Hacer mi vida de libros, con ellos y por ellos. Nadar entre las hojas, arrancarles las

palabras, los números, las imágenes y pegarlas en mi cuello, en mis dedos, en los ojos, en

la lengua, para que, al caminar, vaya envolviendo al mundo con cuentos y poemas o tal

vez una que otra novela cuando me encuentre por más tiempo en un lugar... mi habitación,

por ejemplo. Todos podrían irse contagiando de mí con mis letras y números, ya no

tendría caso publicar libros debido al rapto de las palabras que surge del contagio, por

necesidad o por costumbre de verlas hasta en las pestañas del gato y en el excusado.
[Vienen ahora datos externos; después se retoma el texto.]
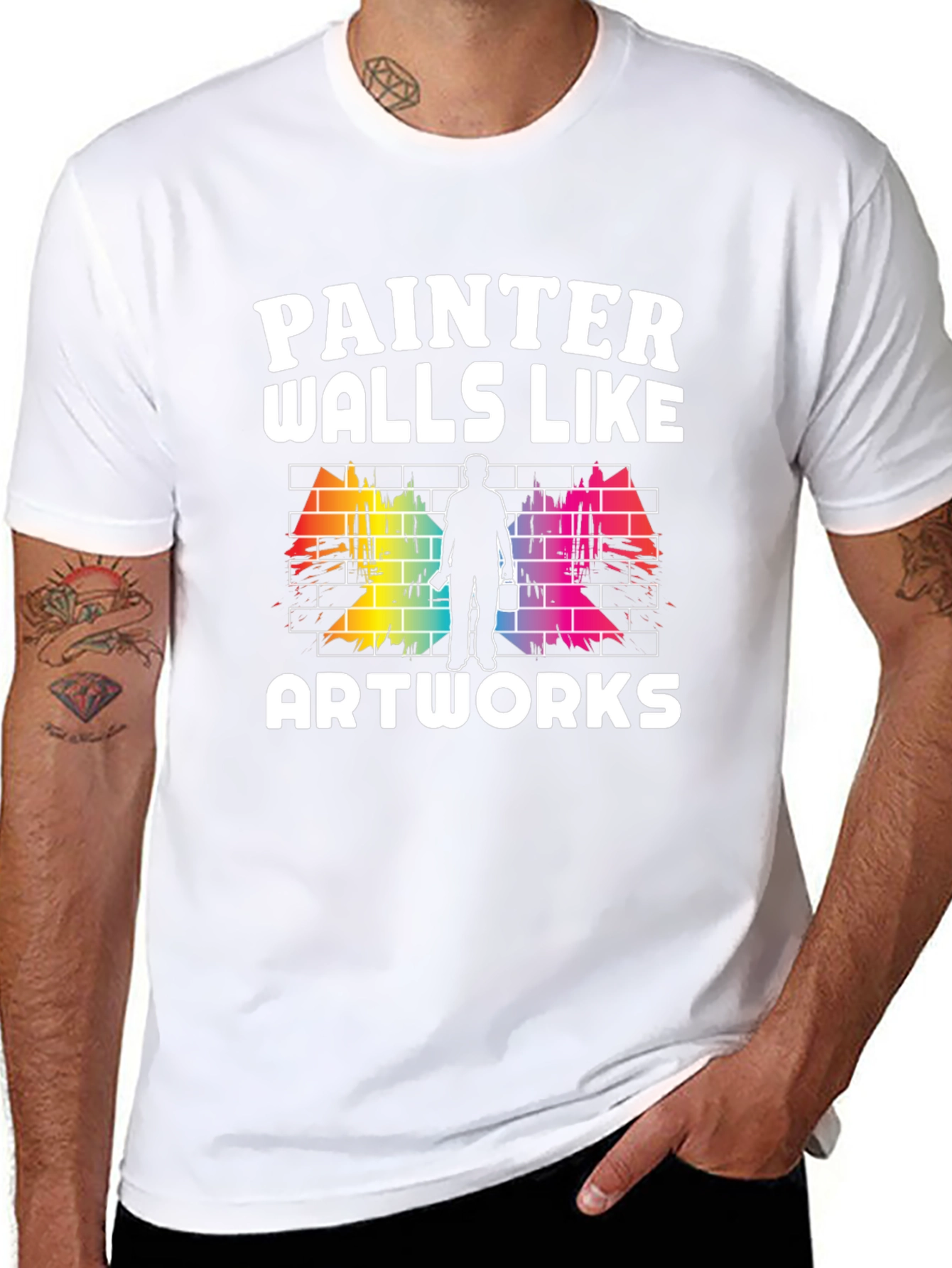 Painter Walls Like Artworks T-Shirt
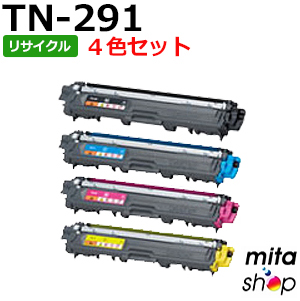 【4色セット】 TN-291BK TN-291C TN-291M TN-291Y リサイクルトナーカートリッジ (即納再生品) 【沖縄・離島 お届け不可】 その他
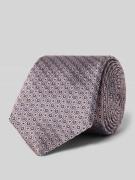 Stropdas van pure zijde met labeldetail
Al

nacer, los bebés verán en los rostros, en las paredes y en las luces un montón de letras y,

con el tiempo, las comprenderán incluso mejor que nosotros, pero les serán tan comunes

que se volverán insignificantes para ellos hasta que alguien -quizá yo o alguno de esos

seres del nuevo mundo- vuelva a acomodar las letras en las páginas, y los techos y los

sillones queden sin palabras, se devuelvan los espacios vacíos y entonces, sí, sólo algunos

retomaremos la íntima relación que teníamos con el lenguaje escrito.